# WORK ITEM
An exact transcription of the listing, without its images, is what the answer must contain.

# DATA EXCERPT
···
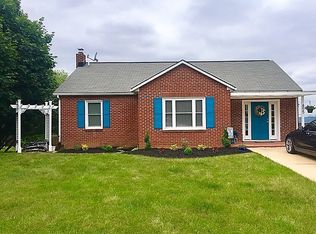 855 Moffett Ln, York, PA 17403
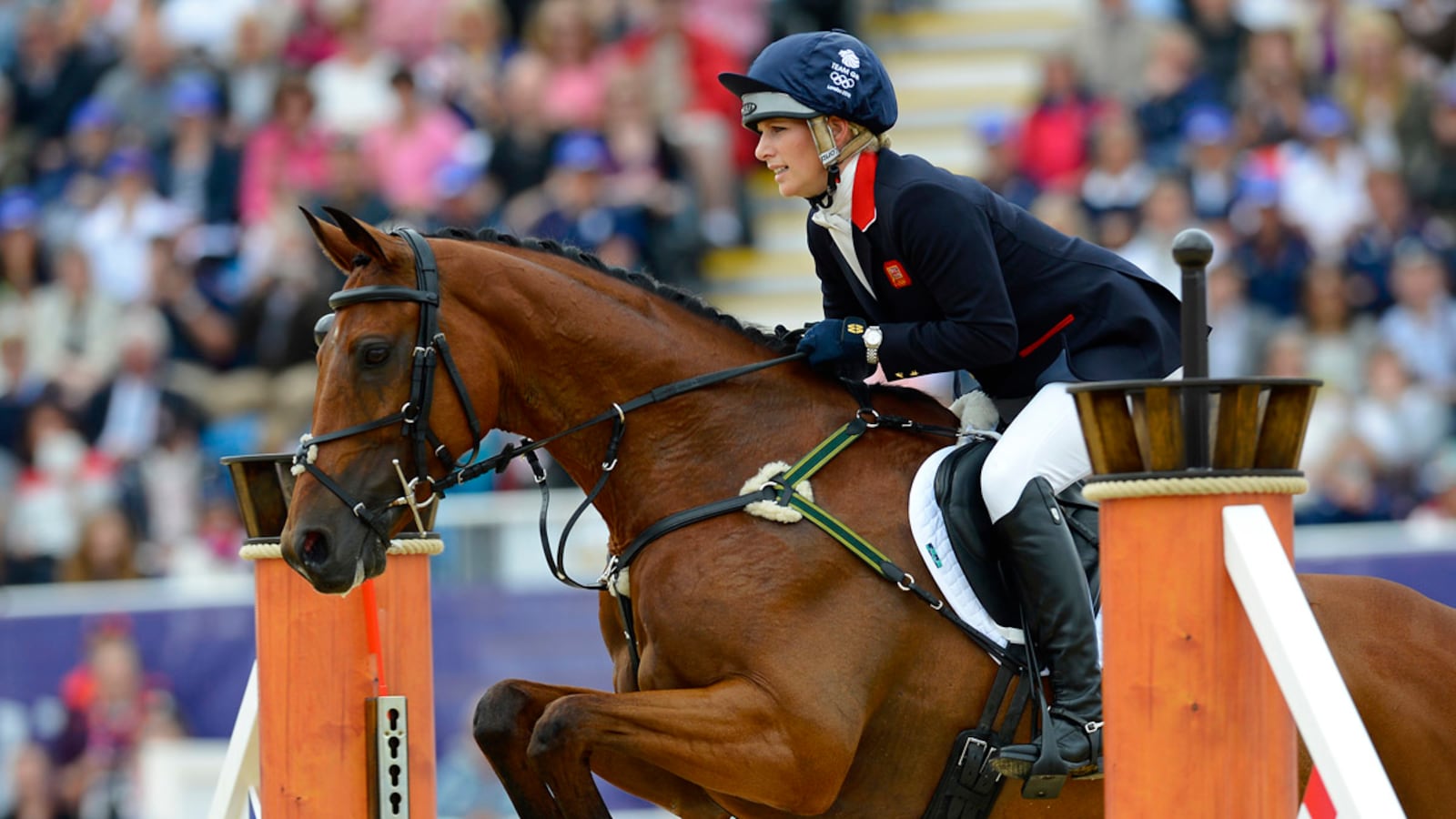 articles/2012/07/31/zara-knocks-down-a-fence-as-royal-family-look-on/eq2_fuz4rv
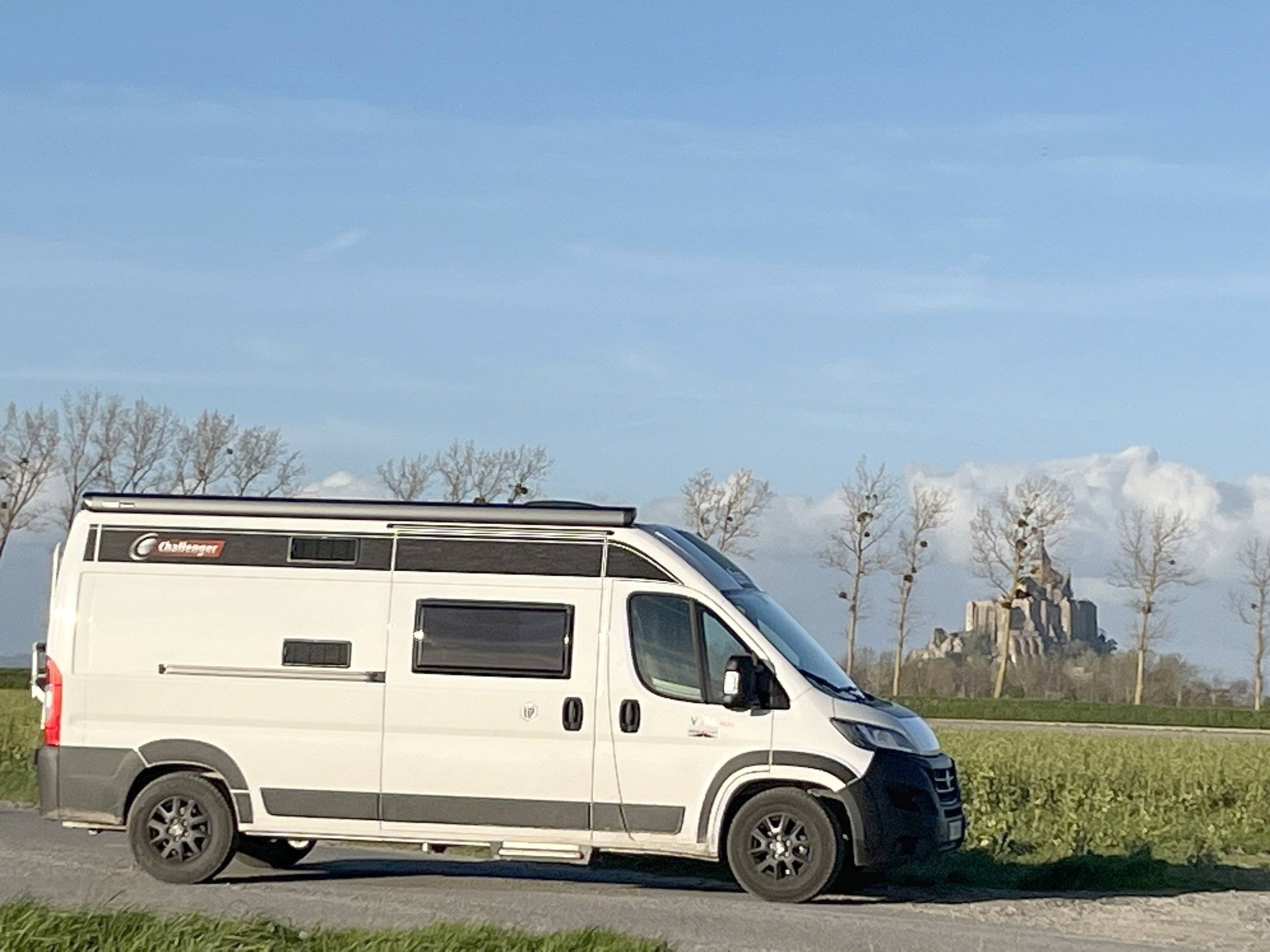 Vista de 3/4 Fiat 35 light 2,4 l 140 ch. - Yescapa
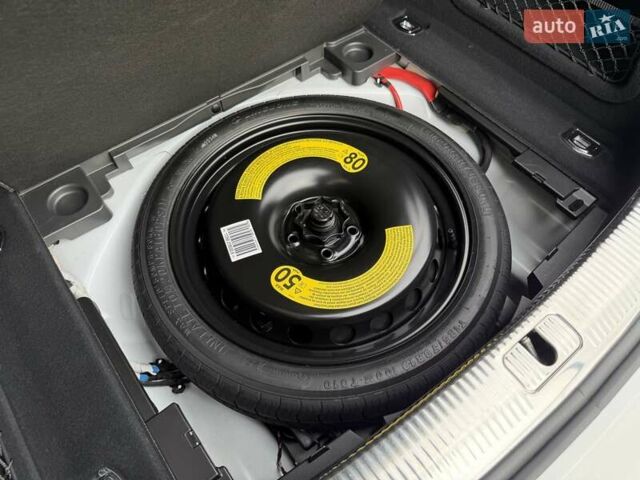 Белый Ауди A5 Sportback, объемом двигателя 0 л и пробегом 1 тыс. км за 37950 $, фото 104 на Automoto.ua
···
# COMPLETED EXERCISE
 855 Moffett Ln, York, PA 17403
 articles/2012/07/31/zara-knocks-down-a-fence-as-royal-family-look-on/eq2_fuz4rv
 Vista de 3/4 Fiat 35 light 2,4 l 140 ch. - Yescapa
 Белый Ауди A5 Sportback, объемом двигателя 0 л и пробегом 1 тыс. км за 37950 $, фото 104 на Automoto.ua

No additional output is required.